### Try it
Give again the lines from the line with "Gold Stainless Steel Dress Watch" to the last line of the records, exactly and in full. Do not carry over any pictures.

### Source records

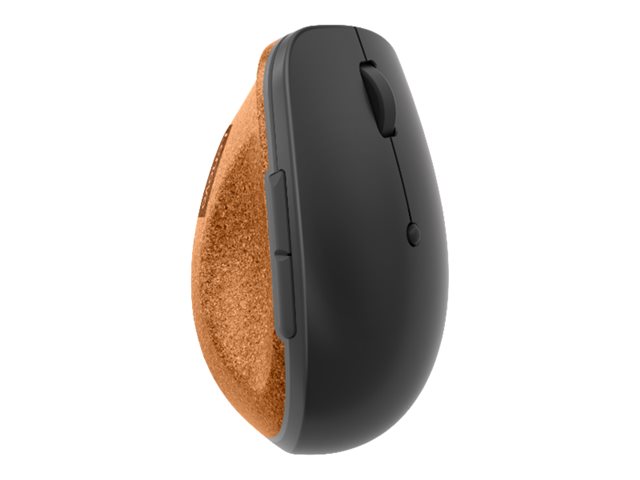 Lenovo Go - Mouse - ergonomic - blue optical - 6 buttons - wireless - 2.4 GHz - USB wireless receiver - storm grey with natural cork - retail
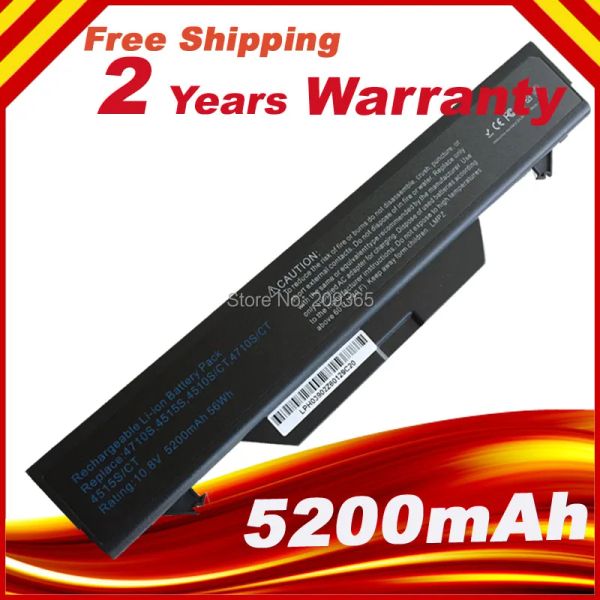 Batterie batterie 10,8 V Batteria per laptop per HP Probook 4510S 4510S/CT 4515S 4515S/CT 4710S 4710S/CT ZZ06 NBP6A156 NBP6A156B1 NBP8A157B1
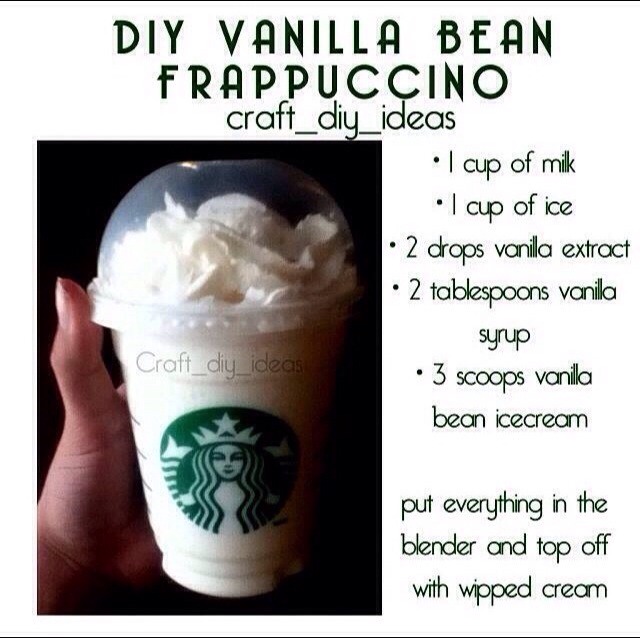 Starbucks Vanilla bean frappe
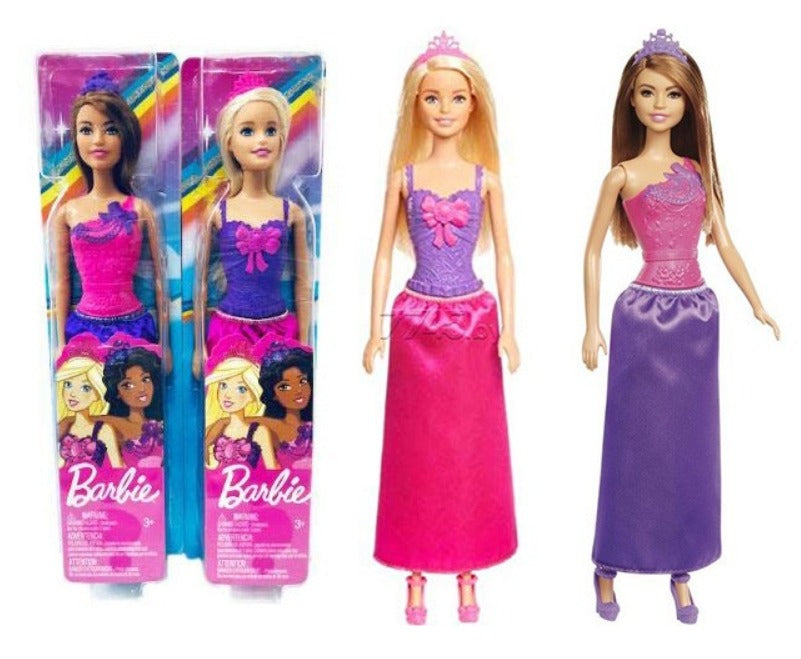 DMM06 - MATTEL - Barbie Basic Princess Doll - Modello Casuale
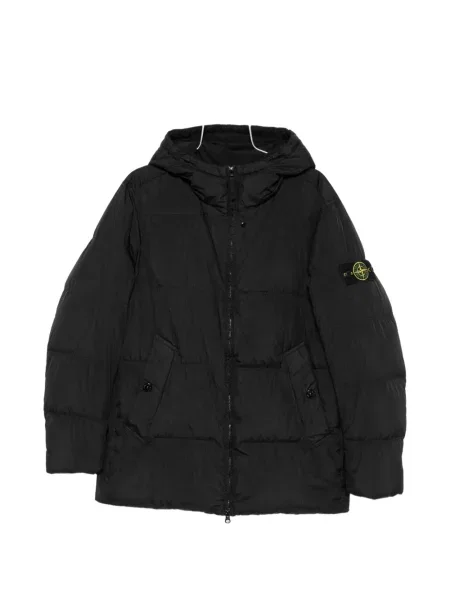 Matlasat geacă Stone Island cu strasuri negru
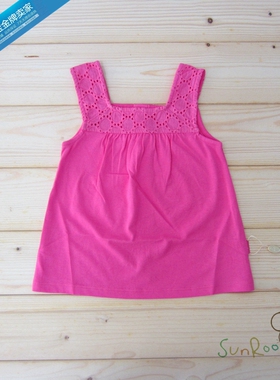 【三折清仓】阳光鼠夏装 女童纯色全棉吊带衫 宝宝无袖背心上衣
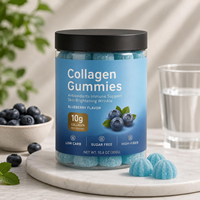 Gummies à l'ashwagandha, gummies au collagène, suppléments à base de plantes pour la beauté de la peau, des cheveux et des ongles, antioxydants
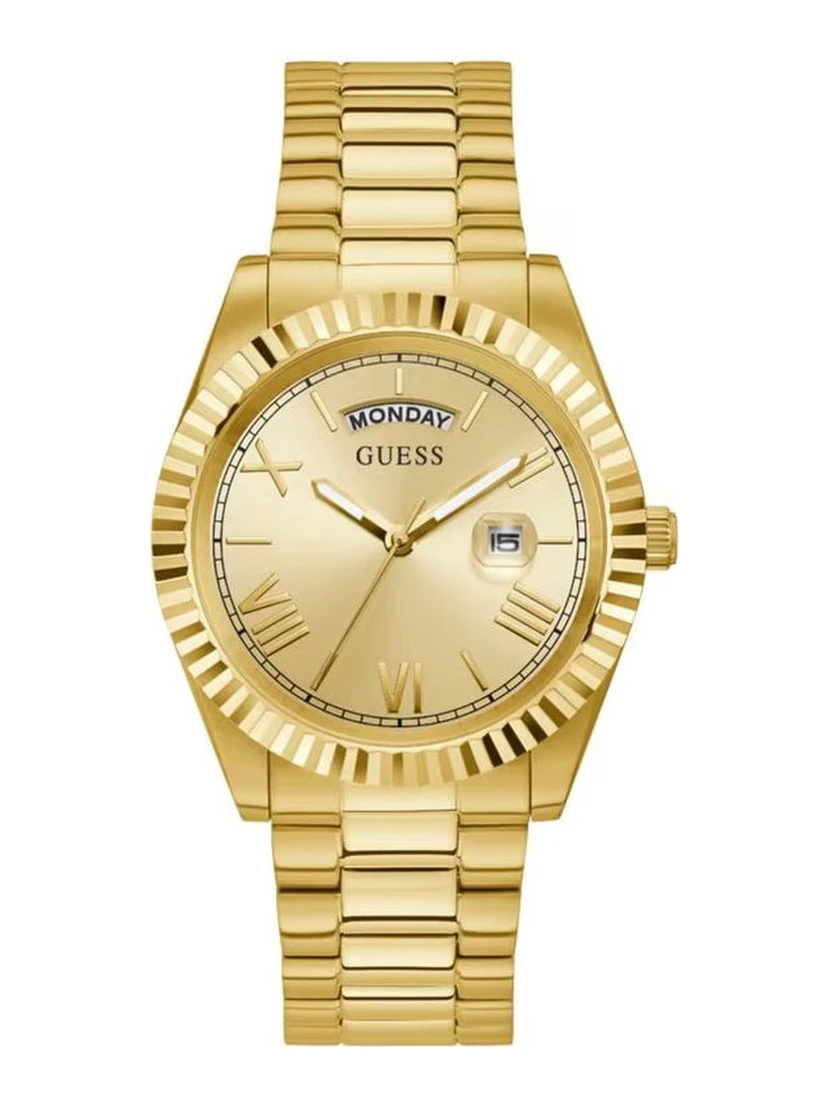 Gold Stainless Steel Dress Watch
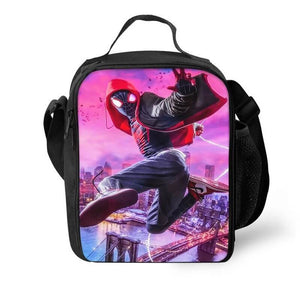 Spider Man Into the Spider-Verse Miles Morales #2 Lunch Box Bag Lunch Tote For Kids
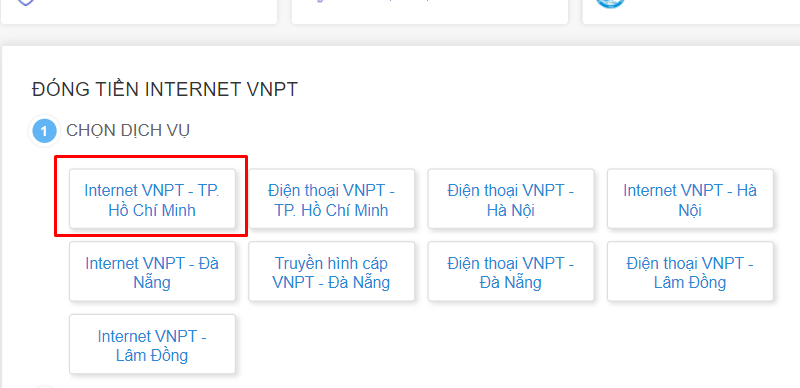 Chọn dịch vụ internet VNPT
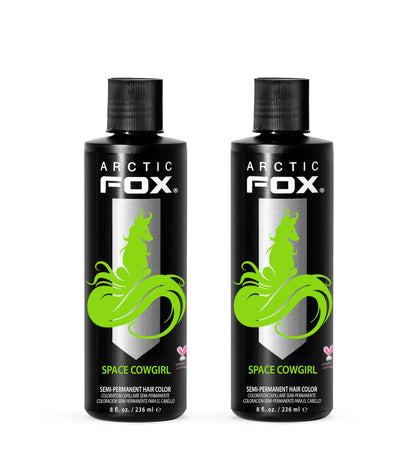 ARCTIC FOX Space Cowgirl vibrant green hair dye front view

### Answer
 Gold Stainless Steel Dress Watch
 Spider Man Into the Spider-Verse Miles Morales #2 Lunch Box Bag Lunch Tote For Kids
 Chọn dịch vụ internet VNPT
 ARCTIC FOX Space Cowgirl vibrant green hair dye front view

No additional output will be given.